Aysha E Arar — La Ferme du Buisson, Noisiel
The monumental self-portrait that opens Aysha E Arar’s exhibition at the Ferme du Buisson echoes with screams of terror and rumblings of resistance. A figure caught in a struggle that, from within intimacy, embraces history.
Trained in performance and coming to painting and drawing almost against the grain, the Palestinian artist from Jaljulia unfolds across media a quest for emancipation in which desire and gender intertwine with the evolution of a territory, its mythology, and its political reality. With Al Farisa (the horsewoman), she stages an imaginary world populated by animal figures, symbols, and emotions, deploying monumental strips of fabric covered with spontaneous and expressive drawings that multiply narrative perspectives and rhythms.

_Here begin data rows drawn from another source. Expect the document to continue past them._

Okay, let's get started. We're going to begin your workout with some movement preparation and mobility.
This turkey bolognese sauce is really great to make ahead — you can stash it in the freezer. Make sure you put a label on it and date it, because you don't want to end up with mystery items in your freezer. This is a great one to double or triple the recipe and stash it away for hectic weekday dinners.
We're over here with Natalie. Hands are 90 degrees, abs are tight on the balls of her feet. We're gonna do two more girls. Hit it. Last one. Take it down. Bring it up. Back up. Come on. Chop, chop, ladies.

Closely tied to music and singing, which she practices continuously both within and beyond the exhibition as both discipline and breath, the artist offers in her drawing a syncopated succession of feelings and narratives rather than a unified composition. Reflecting the paradoxes of her condition, her work confronts the desire for freedom with a life under constraint, the pleasure of images with a bestiary shaped by longstanding traditions. In a sobriety bordering on austerity, her drawing conveys an experience of dream and compassion, of invocation and assertion, expressing through metaphor a desire for freedom, for dreaming, for composing, for indignation, and for love.

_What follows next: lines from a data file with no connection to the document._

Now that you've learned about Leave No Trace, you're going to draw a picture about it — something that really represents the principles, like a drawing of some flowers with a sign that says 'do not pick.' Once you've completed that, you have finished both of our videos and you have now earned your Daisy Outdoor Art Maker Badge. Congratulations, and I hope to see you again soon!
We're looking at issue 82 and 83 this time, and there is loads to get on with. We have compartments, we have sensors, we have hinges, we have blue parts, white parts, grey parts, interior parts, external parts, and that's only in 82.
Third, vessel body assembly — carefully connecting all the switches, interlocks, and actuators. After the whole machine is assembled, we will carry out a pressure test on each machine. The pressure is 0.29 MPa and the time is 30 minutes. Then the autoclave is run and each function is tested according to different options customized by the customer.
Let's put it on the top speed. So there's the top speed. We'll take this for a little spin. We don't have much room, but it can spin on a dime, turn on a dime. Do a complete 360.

Rooted in a daily life shaped by war and marked by a history of struggle and resistance, her work resonates with both the urgency of a decimated population’s suffering and the ethereal temporality of the legends and hopes that sustain it. Fantasized visions of regained freedom, both collective and personal, stand alongside stark depictions of starving children. Words themselves, inserted abruptly into the compositions, function as an immediate form of expression, resisting the structuring force of language in the face of a reality whose horror continues to undermine rational articulation. Hope appears in vivid strokes, carried by the force of incantation.

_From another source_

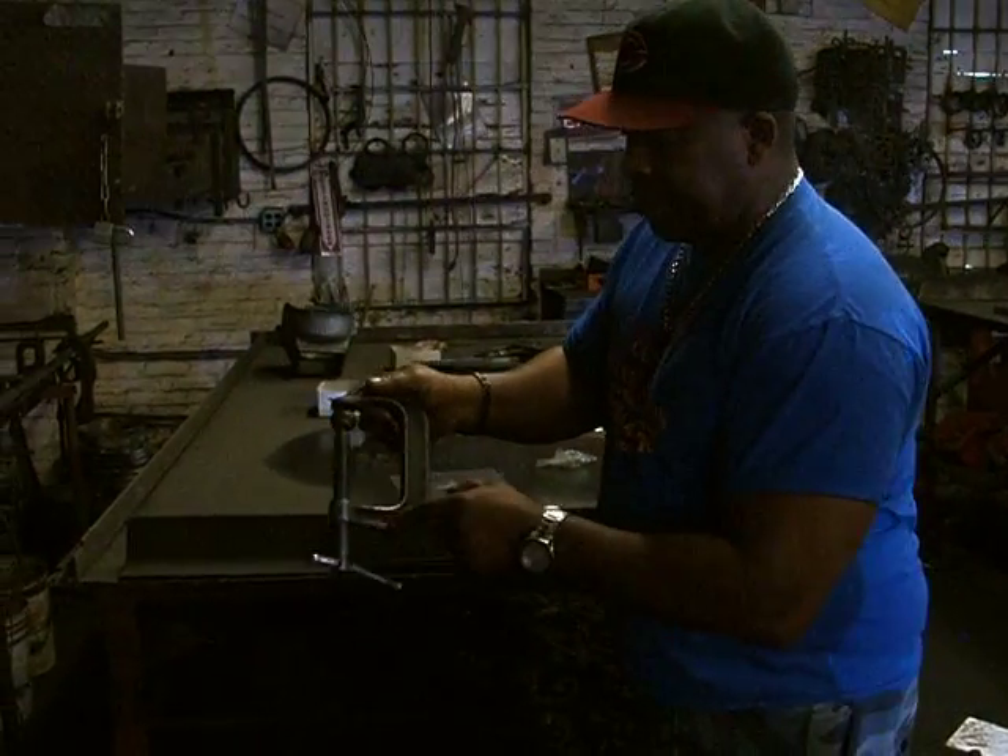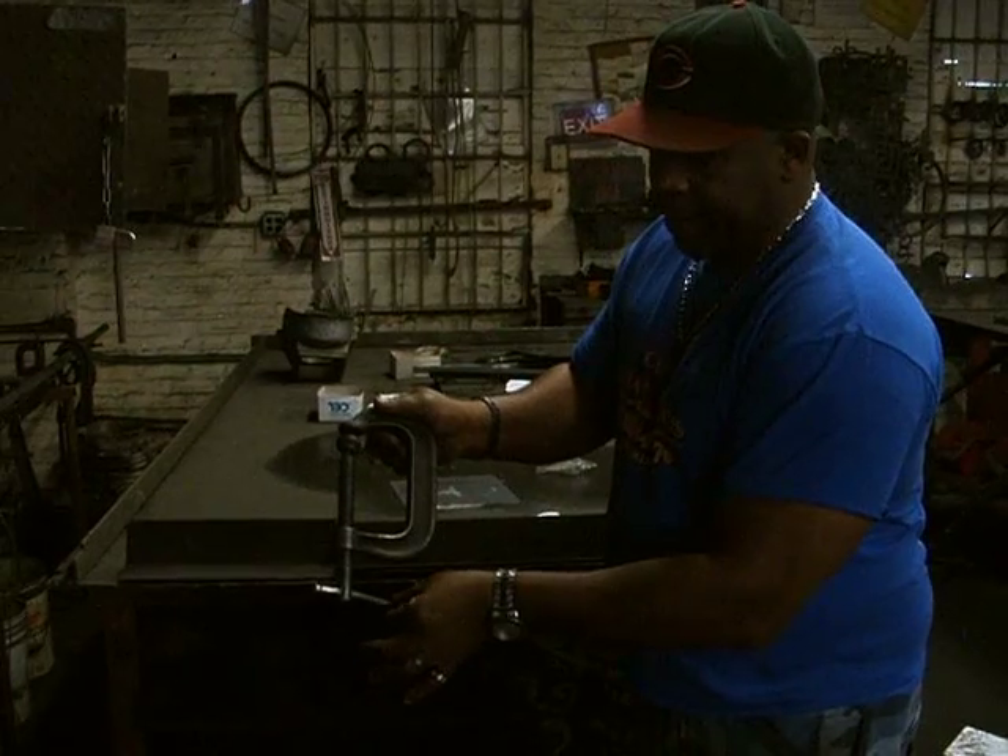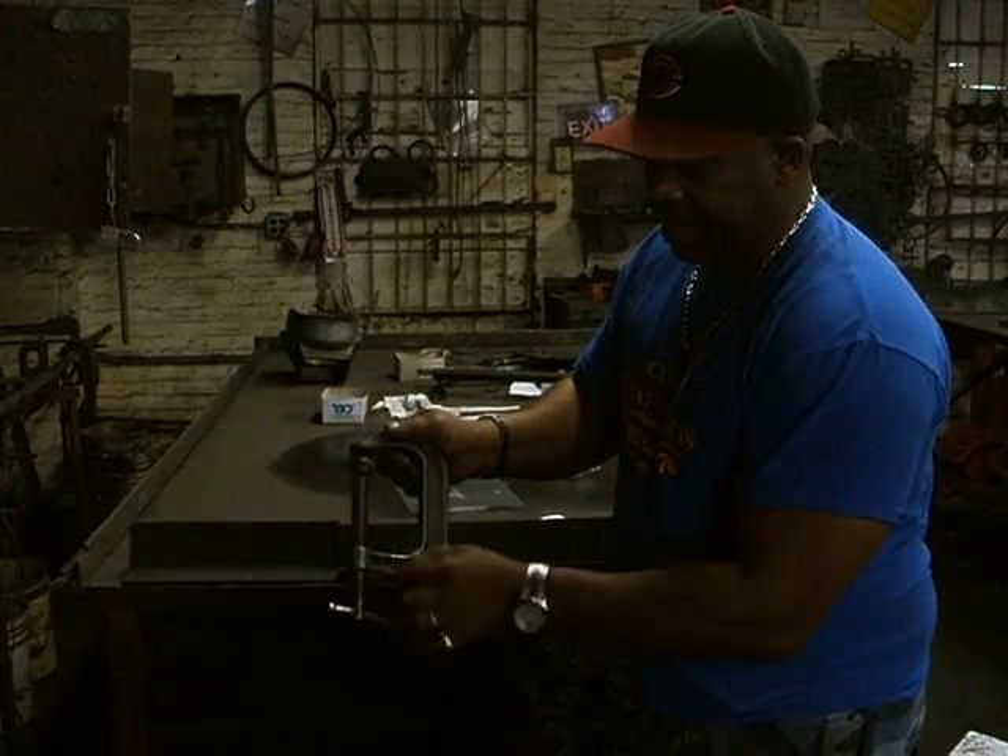The C clamp. This is the body, this is the handle, and this is the bolt.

It is precisely her life that Aysha E Arar projects onto the surface, her daily reality infusing and unsettling the line. When water damage affects one of the exhibited works, rather than discarding it, she chooses to preserve it as it is, offering a lesson in the dual nature of artistic expression: giving and letting go, intention and its afterlife in the eyes and hands of others. Everything then becomes a matter of emancipation and the affirmation of independence. Palestine, through its flag, emerges as a recurring figure, both familiar and chimerical, a projection of a future happiness.
Alongside the monumental works, smaller formats unfold where colors, words, and figures intertwine in organic compositions at the edge of abstraction. A video piece presents the artist as a horsewoman. Moving across registers with direct involvement, her work makes spontaneity, symbolic charge, and emotion inseparable drivers of a total affirmation in which distance would only slow its necessity. Through trace, mark, her face, and the deliberate staging of a self transformed into a character within the mythology she reimagines, Aysha E Arar claims the space available to her as much as she invents it, bypassing decorum and formal refinement in favor of her own gesture, immediate and embodied, carried by her hand and her body within a narrative she renders shared wherever it is shown.
The installation unfolds as a total environment, like entering the very fabric of an imagination where fragments of thought are woven in dispersed order. Arranged in a loop, beginning and end merge, allowing for multiple readings and ultimately emphasizing the significance of each element. For it is always about stories: those Aysha E Arar tells, those she inhabits, and those she writes.